Tag: structure-agent

The New Structuralism in International Relations and its Discontents: Prefatory Remarks

Some years back I participated in a series of workshops that culminated in a book on New Systems Theories of World Politics (value priced at $115). PM and I have been working, somewhat haphazardly, on a review essay dealing with contemporary imperial formations that deals with what I’ve called the “New Hierarchy Studies.” There’s also a draft blog post hiding somewhere or other on that subject. But I think that renewed interest in hierarchy might better be characterized by, for lack of a better term, the “New Structuralism” movement in International Relations.

Thomas Oatley’s recent posts exemplify a major trajectory of the new structuralism. The first revisits his “Reductionist Gamble” article in International Organization. In his account of why he feels compelled to devote blogspace to explaining his argument, he notes:

It has been met with some puzzlement and it has been misunderstood. I can understand both reactions, as the paper asks people to think differently about the world, and yet it does so by using terms and concepts in ways that depart from more typical usage. I say reductionism, and people hear Waltz. I say system, people here system level.
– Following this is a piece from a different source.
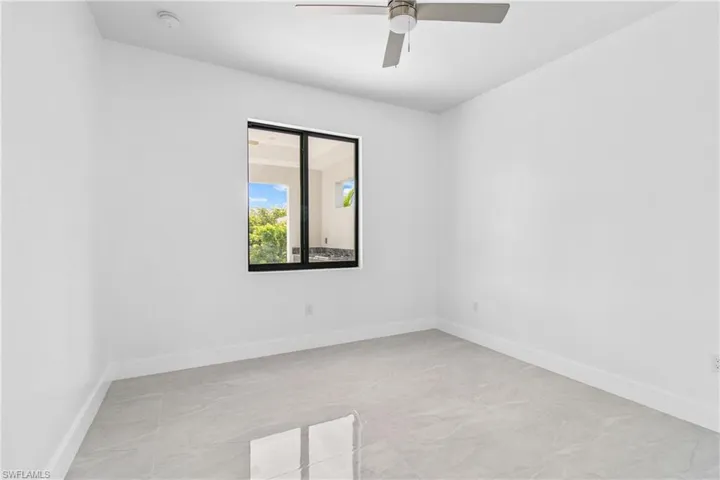 Empty room with baseboards and a ceiling fan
The problem, as I see it, isn’t just a matter of Waltz’s use of terms like “system,” “structure,” and “reductionism” dominating analytical discourse in the field. Waltz’s use of these terms aren’t even very well understood. They’ve been ripped from their historical and intellectual context. They’ve become fetishized, such that Waltz’s interventions in older disputes now enjoy ex ante definitional status. The importation of social-theoretic alternatives during the 1980s and 1990s should have improved matters, but in the end they’ve only muddled the conceptual waters.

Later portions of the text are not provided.